As far as my own experience would be concerned, I can say the camera she is holding (a Leica M10) would be about as much fun to look through as a toilet roll held to my eye. The magic in the lens only goes to the sensor. All the user gets with a range-finder camera, is a piece-of-shit sight that is off to one side.
So then we ask what it is like for the subject, seeing half of a face and a pocket sized camera. According to the theory, people go about their business and don't even react to small cameras. If that is true, and if the end goal is a photo of real life, then the unobtrusive small camera would be the best tool.
The end goal, for me, is a photo of a subject who knows she is making a photo. Real life has stopped. Even posing has stopped. Her and I are inside of a lens, addressing all moments of time in the future, when the photo being made will be viewed.

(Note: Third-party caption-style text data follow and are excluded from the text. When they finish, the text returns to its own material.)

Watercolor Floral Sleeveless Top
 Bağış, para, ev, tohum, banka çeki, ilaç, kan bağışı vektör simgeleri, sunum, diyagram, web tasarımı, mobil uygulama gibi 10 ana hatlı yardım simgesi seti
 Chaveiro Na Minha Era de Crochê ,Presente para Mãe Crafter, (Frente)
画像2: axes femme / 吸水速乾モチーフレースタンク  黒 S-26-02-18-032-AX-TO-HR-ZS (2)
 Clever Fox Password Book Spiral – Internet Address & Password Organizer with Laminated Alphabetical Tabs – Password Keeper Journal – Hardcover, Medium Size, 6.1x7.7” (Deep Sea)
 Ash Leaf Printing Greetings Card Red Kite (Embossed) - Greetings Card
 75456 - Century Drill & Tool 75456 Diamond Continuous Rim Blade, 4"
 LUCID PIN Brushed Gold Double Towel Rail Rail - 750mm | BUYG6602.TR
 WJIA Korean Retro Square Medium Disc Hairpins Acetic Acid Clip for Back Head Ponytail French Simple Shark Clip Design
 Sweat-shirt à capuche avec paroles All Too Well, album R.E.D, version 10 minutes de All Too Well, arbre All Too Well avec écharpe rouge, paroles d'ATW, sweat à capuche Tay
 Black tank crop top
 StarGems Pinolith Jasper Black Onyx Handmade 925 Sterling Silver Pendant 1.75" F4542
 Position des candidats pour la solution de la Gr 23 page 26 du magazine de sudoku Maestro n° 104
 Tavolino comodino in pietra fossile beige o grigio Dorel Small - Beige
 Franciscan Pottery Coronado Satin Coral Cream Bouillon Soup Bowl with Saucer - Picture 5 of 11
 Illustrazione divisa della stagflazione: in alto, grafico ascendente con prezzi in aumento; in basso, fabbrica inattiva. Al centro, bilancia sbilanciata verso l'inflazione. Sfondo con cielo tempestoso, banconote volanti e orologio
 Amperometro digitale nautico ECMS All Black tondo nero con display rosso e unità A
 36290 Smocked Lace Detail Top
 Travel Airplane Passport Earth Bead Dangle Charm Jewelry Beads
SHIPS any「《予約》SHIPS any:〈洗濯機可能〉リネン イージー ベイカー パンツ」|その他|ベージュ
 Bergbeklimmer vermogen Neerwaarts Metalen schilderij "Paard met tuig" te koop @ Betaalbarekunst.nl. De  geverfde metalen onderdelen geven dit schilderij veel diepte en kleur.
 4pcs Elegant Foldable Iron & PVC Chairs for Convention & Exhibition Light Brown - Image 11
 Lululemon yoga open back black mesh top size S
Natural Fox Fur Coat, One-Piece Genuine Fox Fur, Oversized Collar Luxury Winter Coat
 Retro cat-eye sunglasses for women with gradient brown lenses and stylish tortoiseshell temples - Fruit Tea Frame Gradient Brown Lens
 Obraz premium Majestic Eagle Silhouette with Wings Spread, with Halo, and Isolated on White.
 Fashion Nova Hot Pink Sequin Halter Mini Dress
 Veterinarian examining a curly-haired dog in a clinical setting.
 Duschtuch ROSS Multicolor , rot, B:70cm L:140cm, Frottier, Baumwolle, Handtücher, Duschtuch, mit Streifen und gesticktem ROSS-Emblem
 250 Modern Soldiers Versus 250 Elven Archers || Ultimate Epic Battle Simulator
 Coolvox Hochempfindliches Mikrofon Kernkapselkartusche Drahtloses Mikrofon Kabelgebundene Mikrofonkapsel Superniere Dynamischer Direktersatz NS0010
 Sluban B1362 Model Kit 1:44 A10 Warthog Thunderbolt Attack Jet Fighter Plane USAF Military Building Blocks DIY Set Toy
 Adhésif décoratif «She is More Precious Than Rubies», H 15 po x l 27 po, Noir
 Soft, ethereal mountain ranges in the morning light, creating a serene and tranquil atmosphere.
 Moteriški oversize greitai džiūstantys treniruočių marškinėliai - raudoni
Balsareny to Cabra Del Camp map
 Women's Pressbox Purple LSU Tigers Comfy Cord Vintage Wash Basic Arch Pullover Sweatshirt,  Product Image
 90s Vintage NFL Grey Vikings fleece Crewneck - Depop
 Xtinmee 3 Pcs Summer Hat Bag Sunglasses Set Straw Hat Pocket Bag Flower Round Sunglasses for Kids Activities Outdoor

If this interests you, you can follow my second Instagram profile @steven.fleming.photo You can message me there, if you think we might both enjoy collaborating in this way.
Check back on this website as well. By then, some camera brand may have released a left-eyed, right-handed model. There may even have been a technological advance that will have convinced me to shoot with my right eye. If something of that nature should happen, to change the way I take photos, I'll write another blog post to recant.
Until then, I'll be hiding my face. My models and I won't be in the moment. We'll be inside the photos we're making.